At this point you might be wondering why these anti-patterns are such big problems in my eyes. A lot of little mistakes made over time combine to have serious ramifications. An experienced mountain climber once told me that you don't ignore the little mistakes, because you could be one little mistake away from falling to your doom. Databases typically are intended to live long lives in comparison to the rest of our software and systems. Small mistakes build up a residue over time and can make your database feel its age sooner than expected.

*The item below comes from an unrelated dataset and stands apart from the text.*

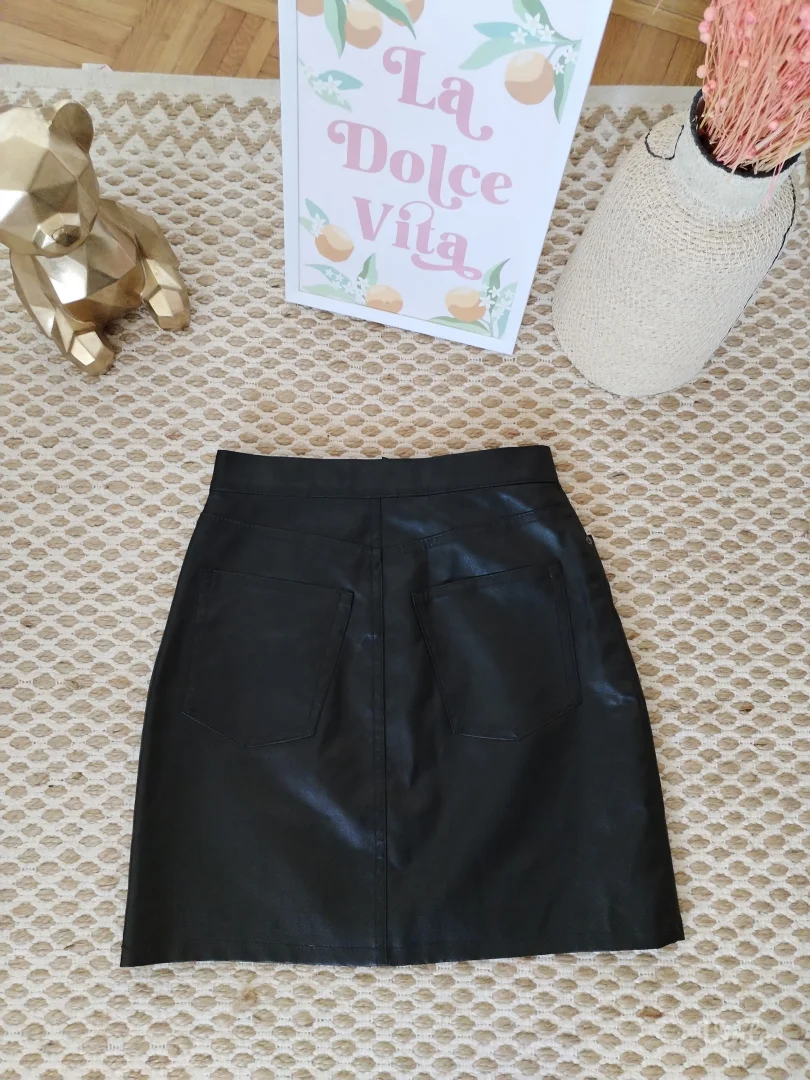 H&M mini suknja od veštačke kože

The point is, having one column set as a CHAR(15) instead of a VARCHAR(15) (probably) won't kill its performance. Similarly, one table with 56 columns isn't a deal breaker. The real problem comes up when you have a repetitive pattern of these anti-patterns throughout an entire large database. The following screenshot came from a database I was performance tuning because it had gound to a painful halt. Even basic queries returning a few thousand rows were taking minutes (sometimes dozens of minutes) to execute and return results. Note the data size going through the query node I was examining, a whopping 57GB!
When I saw this result I couldn't believe it. It seemed impossible because the entire database was only 32 GB yet that one step in this view was moving 57 GB around! I double and triple checked the stats, and it was happening. No wonder it was slow!
The view that produced that screenshot suffered from all of the anti-patterns I described above. Considering that SQL Server runs on dedicated hardware, has many cores, and RAM in the 100s of GB, a small- to medium-sized database should not be able to brint it to its knees and speaks of how poorly the database was designed. That's painfully true if you compare that to the performance I was able to pull from PostgreSQL on a Raspberry Pi 2B+.
The little mistakes add up.
Anti-pattern Overview
Now for a handy summary of what to avoid to avoid these anti-patterns:
- AP1: Missing PK indicates wide-spread problems. Good luck.
- AP2: Wrong data type
- AP3: Too many columns
- AP4: Wrong data type
- AP5: Dead weight everywhere
- AP6: Super-views have big egos
Parting thoughts
I have made all these mistakes myself in various projects. There's a database I built more than five years ago that still lives on despite the multitude of mistakes and oversights I made in my initial designs. It wasn't long after I made those exact mistakes that I wrote this post! One by one I'm righting my previous mistakes, but refactoring a database of that scale isn't easy either.
I will end this post with the same challenge I gave to myself in 2013.
Set aside dedicated time every week to do something that will likely lead to a mistake I can learn from.